Con el paso de los días se van conociendo más detalles sobre el intento de atentado contra el presidente de los Estados Unidos, Donald Trump, durante la cena de corresponsales de prensa el pasado fin de semana. En este sentido, Cole Allen, el hombre acusado de intento de asesinato, se tomó un selfi armado ante el espejo de su habitación del hotel minutos antes del intento de atentado, además de estudiar con detalle durante las semanas previas cómo sería esa cena y cómo podría ejecutar su plan.
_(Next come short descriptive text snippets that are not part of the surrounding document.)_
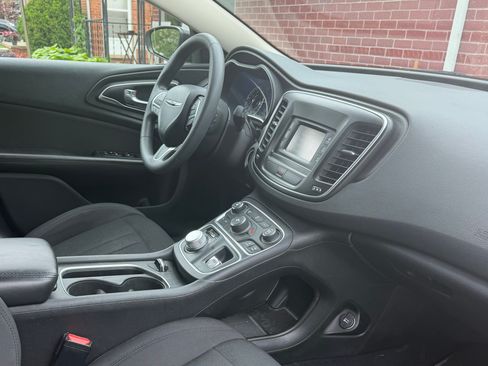 Used 2015 Chrysler 200 Limited FWD image 11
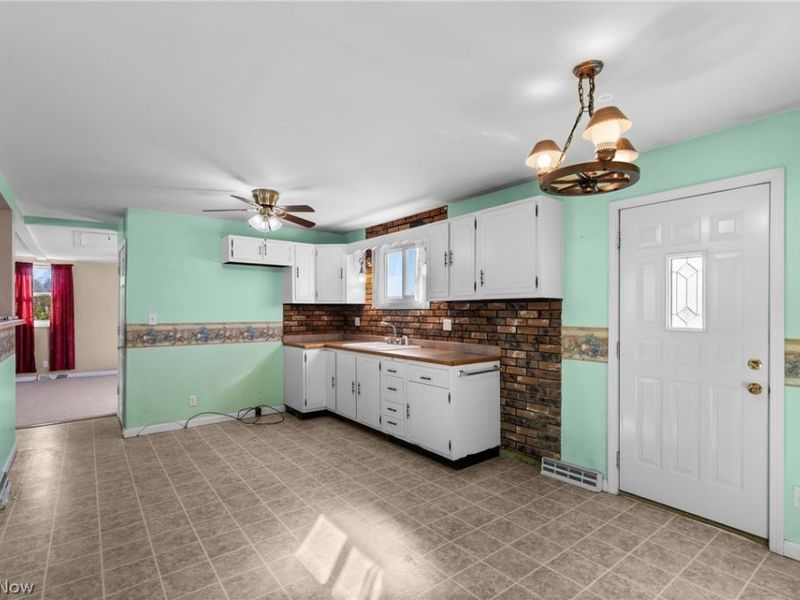 61060 Webb Heights Road, Shadyside, OH 43947 Photo 10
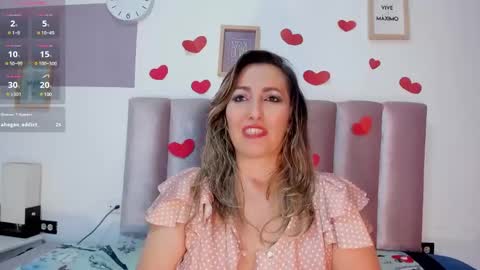 Snapshot of hera_godess chatting on February 15, 8:54 pm Hera godes online show from February 15, 8:54 pm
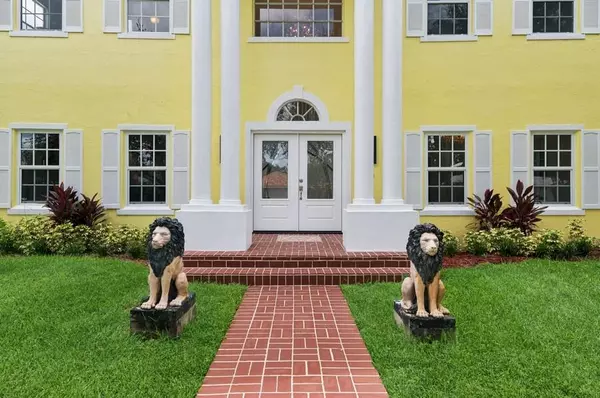 West Palm Beach, FL 33401,1920 Embassy DR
Según consta en el documento judicial en el que la fiscalía pide prisión preventiva para el acusado, el joven de 31 años se cruzó el país de costa a costa cargado de armas hasta llegar al hotel de Washington donde se celebra la cena.
Violencia política.
El problema de este nuevo episodio de violencia es que viene después de otros ataques políticos –dos de ellos contra al propio Trump–, que provocaron la muerte del activista conservador Charlie Kirk, cuya esposa, por cierto, se encontraba en la sala cerca de Trump cuando se produjo este último ataque. Si la política se presenta como un choque que alienta la rivalidad máxima, una polarización extrema y un campo de batalla donde todo está permitido para vencer al enemigo se corre el riego de que algún fanático tome las palabras al pie de la letra y trate de hacer justicia por su mano. Más alarmante es aún que esta creciente violencia política llegue a extenderse desde Estados Unidos a otros países y contagie a las democracias en Europa y América Latina.
Urge una reflexión.
Contra este nuevo intento de magnicidio contra el presidente Trump solo cabe una condena firme y sin matices. El atentado contra Trump, además, es un nuevo mensaje de alerta, una alarma roja que debería servir para reflexionar sobre esa polarización tóxica y sobre la necesidad de rebajar el tono y el ardor guerrero con el que se comportan algunos líderes políticos. Ojalá sea el último intento de magnicidio en un país que ya ha visto caer asesinados a cuatro presidentes.